About ADHD Wise

Working through the challenges...

Jannine Perryman MA PCGE is an MSc Psychology student at the University of Liverpool. Jannine is brutally honest and open about her life with ADHD and is passionate about ‘Promoting Positive Outcomes

ADHD can affect anyone. If you, your child, a family member, a child in your class, an employer, your partner have ADHD, or you suspect that they might, they have had it since birth, and will always have it. It cannot be ‘cured’ but it can be managed – and even developed as an advantage.

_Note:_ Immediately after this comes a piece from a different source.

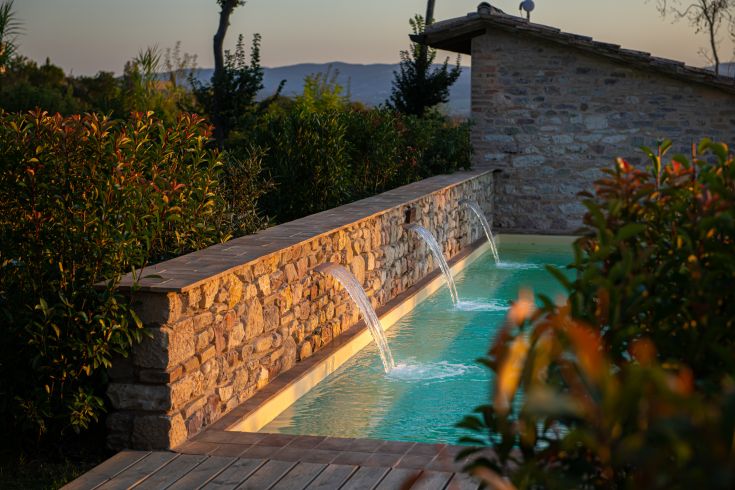 Un giardino con fontane e piscina, immerso nella natura, ideale per momenti di relax.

ADHD Wise UK has been set up by adults who are diagnosed with ADHD themselves and use it to good effect. We want to champion the possibilities, and ‘promote positive outcomes’ for those with ADHD. It’s a tough condition to live with because we don’t behave the way society expects us to. It shouldn’t be forgotten though that we have incredible strengths and make good employees – once we find the right careers with the right employers.

ADHD is a controversial condition because difficulties experiences fall onto a spectrum. Everyone experiences inattentiveness, impulsiveness and hyperactivity at some point and to varying degrees. In the UK in particular, ‘a diagnosis must be useful’. Anyone with an ADHD diagnosis has been assessed by a psychologist as having significant and lifelong difficulties that prevent them from functioning within society as effectively as their peers. It’s great that most people can relate to these difficulties to some extent, but that does not mean that they comprehend what it would be like to be permanently battling with your attention span, your impulsiveness and your energy levels. ADHD is accepted as ‘real’ by professionals by and large. Denying its legitimacy is unhelpful, unkind and unwarranted.

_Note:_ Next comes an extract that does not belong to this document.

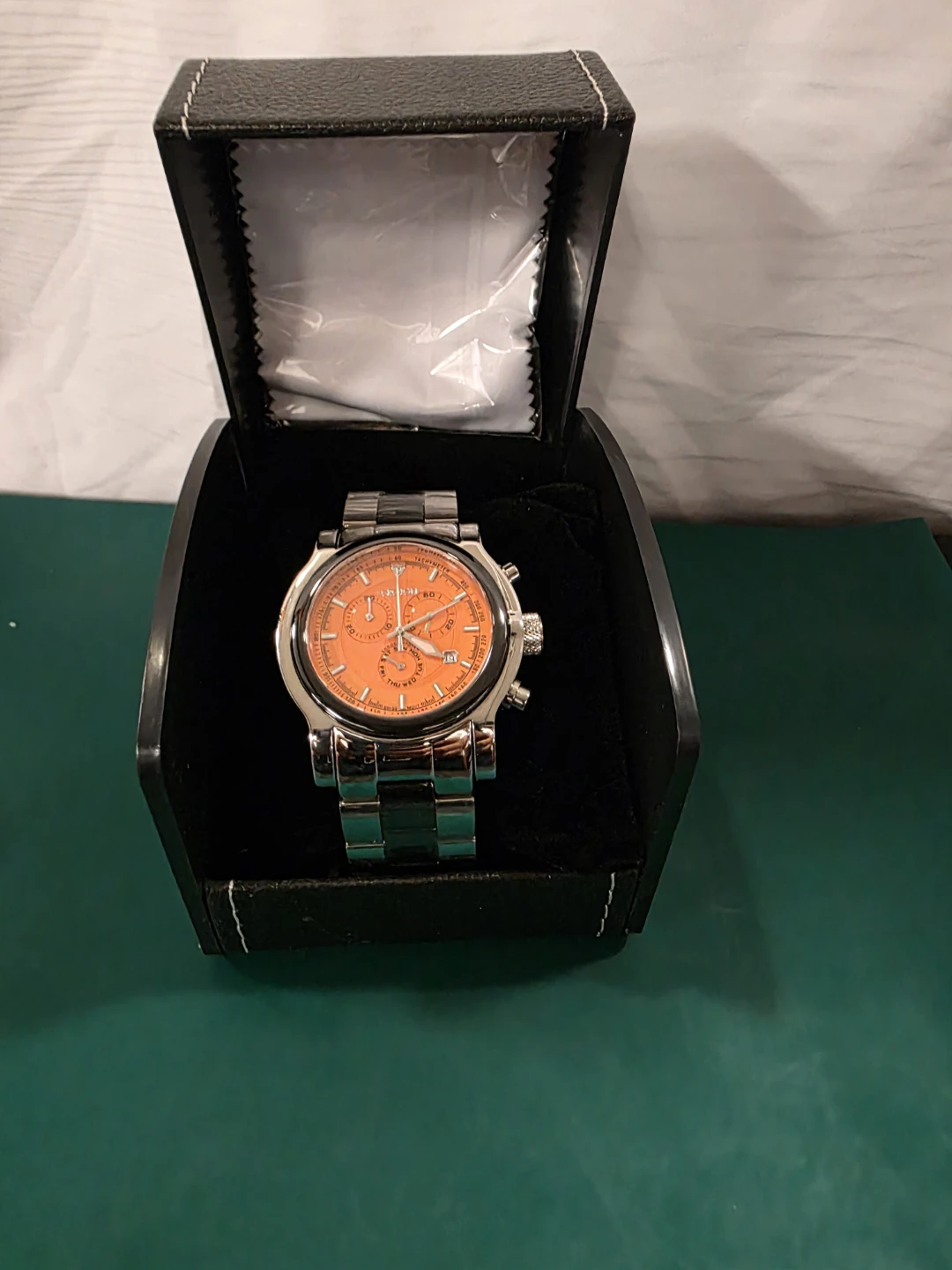 NEW Croton Chronomaster Chronograph Watch Orange Dial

Anything is possible. Many of us are capable of turning our hand to most things and being really good at it for as long as it remains interesting to us. What is not possible for us though, is ‘everything’. That is overwhelming! We think too much and too quickly, unless we are allowed to do one thing at a time, until completion – but even this (hyper-focus), we need to be taught. The other thing we won’t manage is boredom. We need life to keep us on our toes. If classrooms and workplaces have too much downtime, we will make our own entertainment, or not attend. We also need to know ‘why’ we are doing something, or we cannot find the motivation to do it -because we have lower dopamine levels than the average person.

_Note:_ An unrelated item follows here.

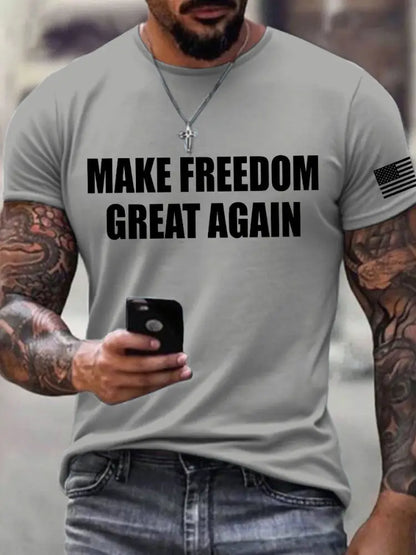 Men’s ’Make Freedom Great Again’ T-shirt Light Gray / S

There is a reason for everything and a host of potential solutions to every ADHD issue. ADHD Wise UK is entirely ‘solution focussed’ and will always endeavour to help you navigate the challenges ahead.

 

Jannine Perryman

Jannine has featured in articles in The Guardian, Society for Education, Training (SET) and ADHD Action. She is a member of the Association of Child and Adolescent Mental Health (ACAMH), and the Society for Education, Training (SET) and student membership of the British Psychological Society (BPS).